§ **Records provided**:

[Start of section]

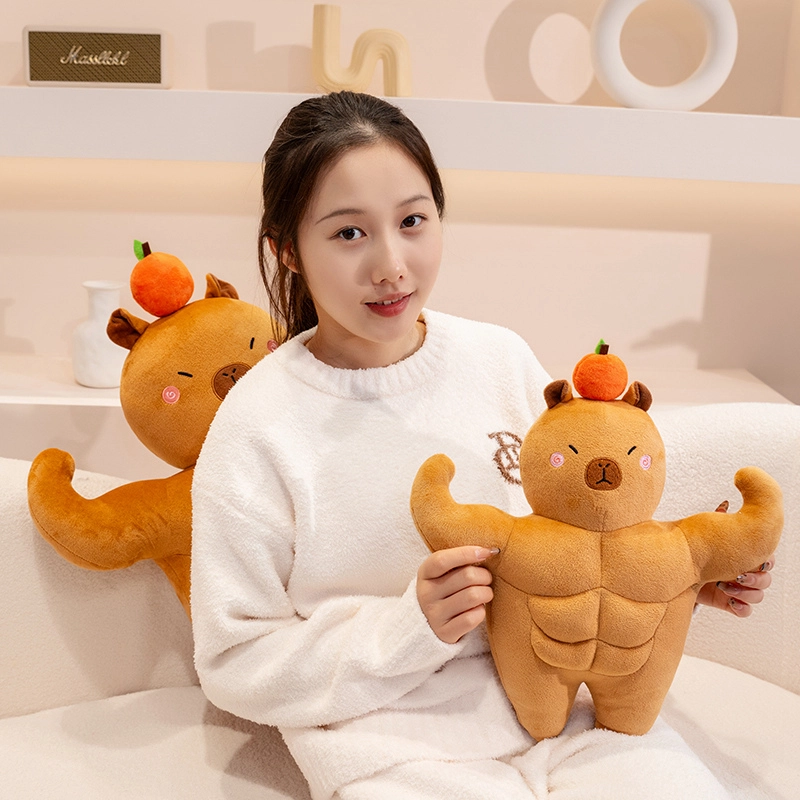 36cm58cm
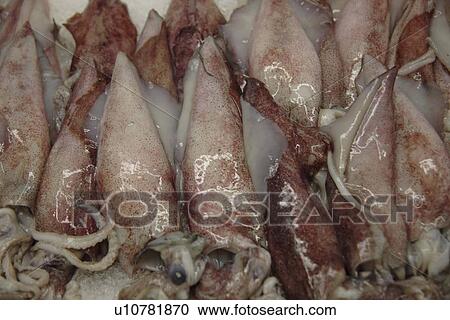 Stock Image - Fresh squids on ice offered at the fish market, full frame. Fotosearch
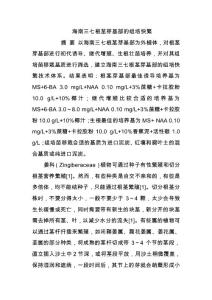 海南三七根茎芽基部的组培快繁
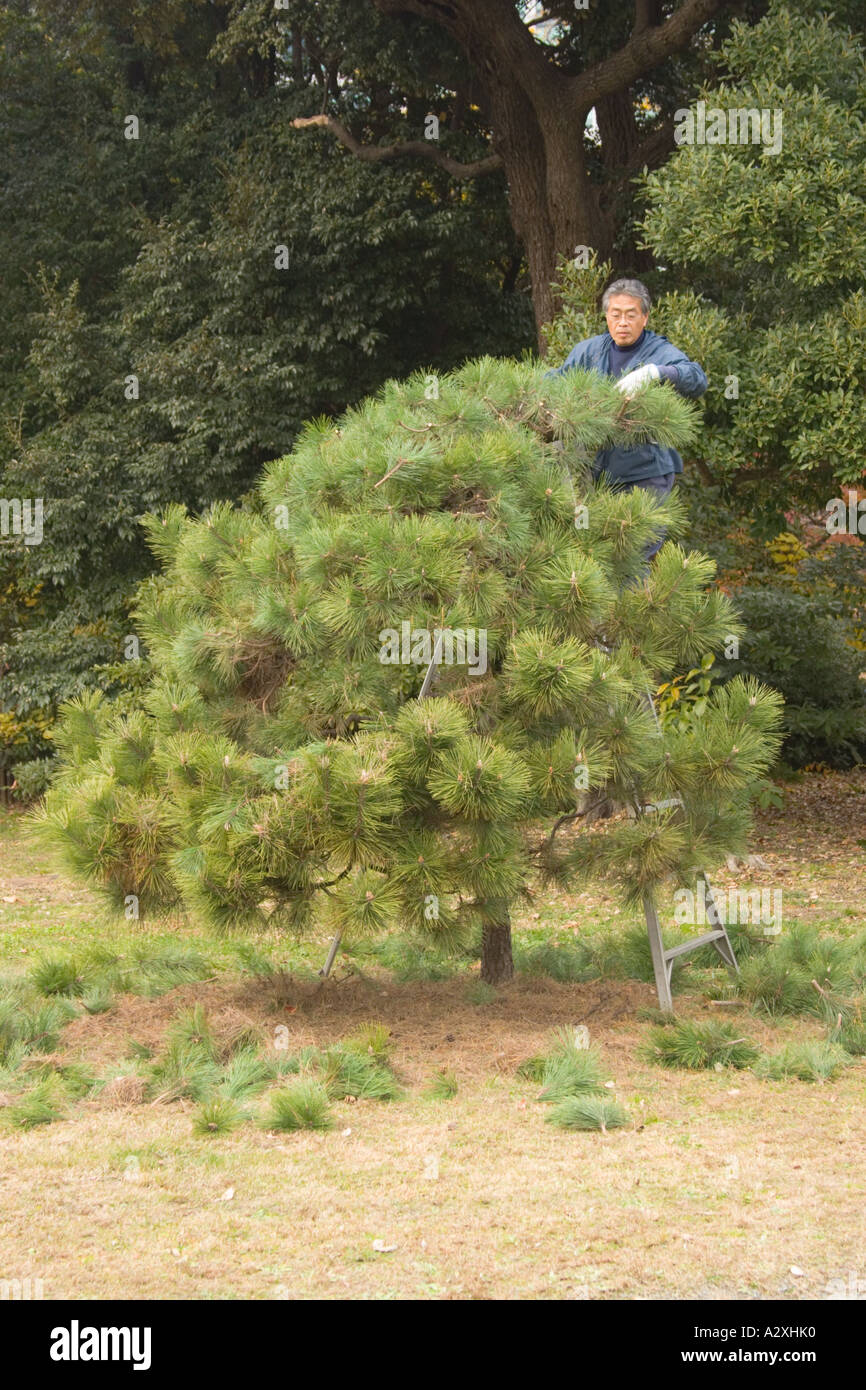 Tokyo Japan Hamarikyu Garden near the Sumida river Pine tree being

[End of section]
[Start of section]

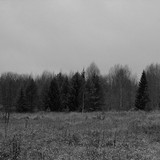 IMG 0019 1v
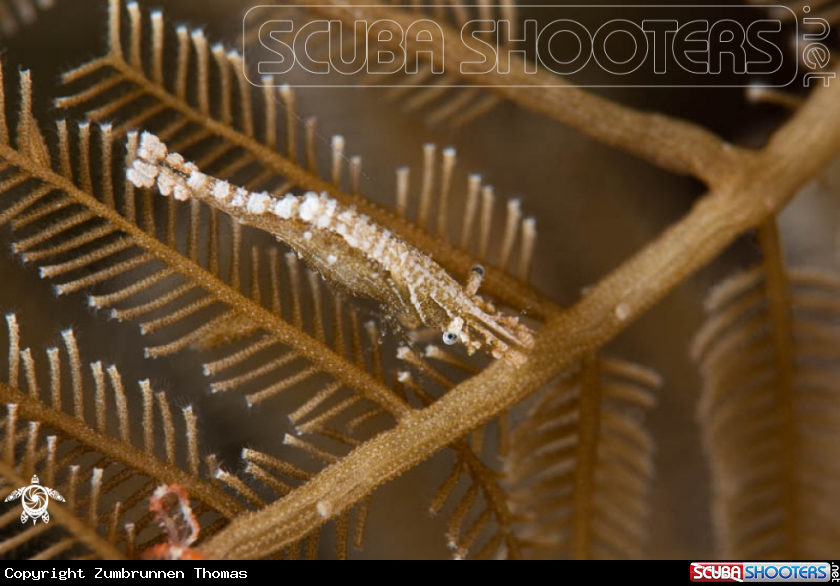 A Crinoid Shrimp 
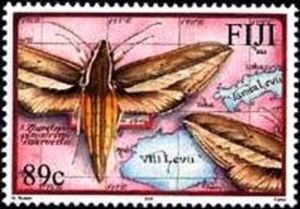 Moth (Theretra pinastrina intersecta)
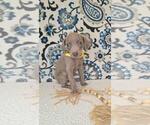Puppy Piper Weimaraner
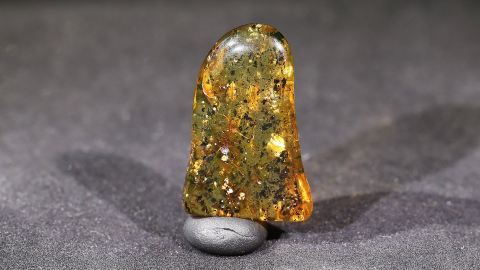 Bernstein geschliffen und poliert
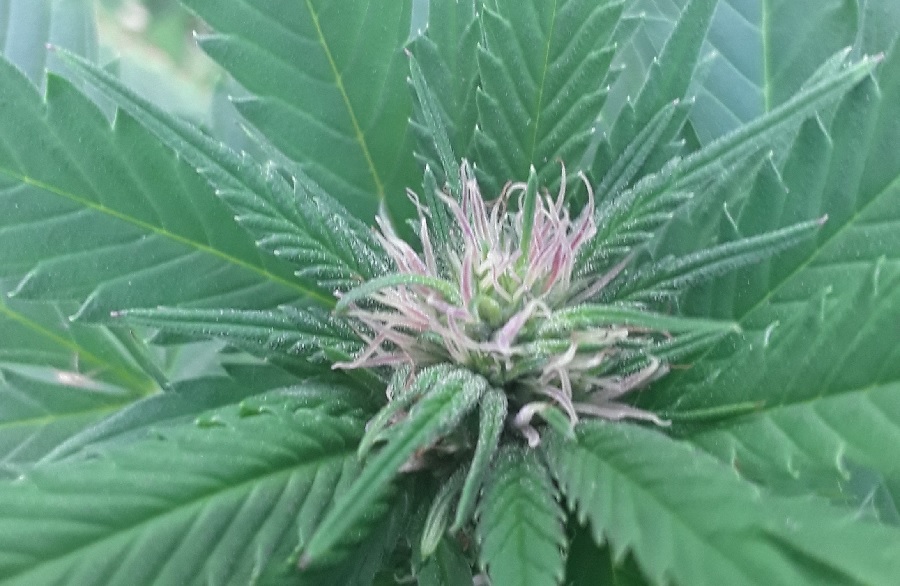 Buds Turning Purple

[End of section]

§ **What is required**: Working from the entries above, please transcribe only the lines from the line with "A Crinoid Shrimp" through the line with "Buds Turning Purple", exactly, with both end lines and without pictures.

§ **The completed task**:
 A Crinoid Shrimp 
 Moth (Theretra pinastrina intersecta)
Puppy Piper Weimaraner
 Bernstein geschliffen und poliert
 Buds Turning Purple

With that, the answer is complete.